The EUR/USD is trading around 1.1700, holding onto Monday’s gains and even slightly extending them. After two weeks of suspense, the US went forward and announced a 10% on $200 billion worth of Chinese goods. The duties will come into effect on September 24th and do not include some Apple products. The levy will rise to 25% at the end of the year.
Markets were fully prepared after two weeks and comments by various officials. The 10% tariff is relatively low, and the move was well-telegraphed, two factors that can explain the calm reaction.
China’s response is awaited. The world’s second-largest economy is set to impose counter-duties on around $60 billion of American goods but can also hit back with slowing down critical exports of goods to US companies. In addition, the authorities can continue with devaluing the yuan, making Chinese products more attractive despite higher prices.
In the recent past, escalations in the trade wars have resulted in a stronger US Dollar and Japanese yen. This may happen once we learn about China’s response.
Elsewhere, euro-zone inflation was confirmed at 2% on the headline and 1% on the core for August, as expected. European Central Bank President Mario Draghi speaks in Paris, but he is unlikely to talk about monetary policy.
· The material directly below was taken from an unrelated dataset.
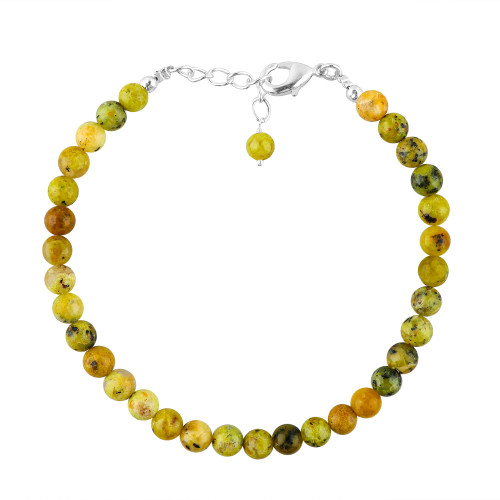 CRYSTALINES Natural Green Opal Gemstones Beads Bracelets for Women Silver Statement Jewelry Handmade Adjustable Slider Chain Energy Chakra Healing Stones Women Christmas Gifts 7+1" CRYSTALINES Natural Green Opal Gemstones Beads Bracelets for Women Silver Statement Jewelry Handmade Adjustable Slider Chain Energy Chakra Healing Stones Women Christmas Gifts 7+1"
There are no noteworthy economic indicators, leaving the focus on any trade-related headlines.
EUR/USD Technical Analysis
The EUR/USD is trading above the 50 and 200 Simple Moving Averages on the four-hour chart. In addition, the Relative Strength Index (RSI) is pointing to the upside. All are bullish signs. The only thing that is lacking is Momentum in this gradual ascent.
1.1720 was the peak last week and the pair got close to it earlier today. Close by, 1.1735 was the high point in August and 1.1750 was a quadruple top in July. Above this dense area, 1.1795 is notable after capping the pair in early July. 1.1850 was a swing high in mid-June.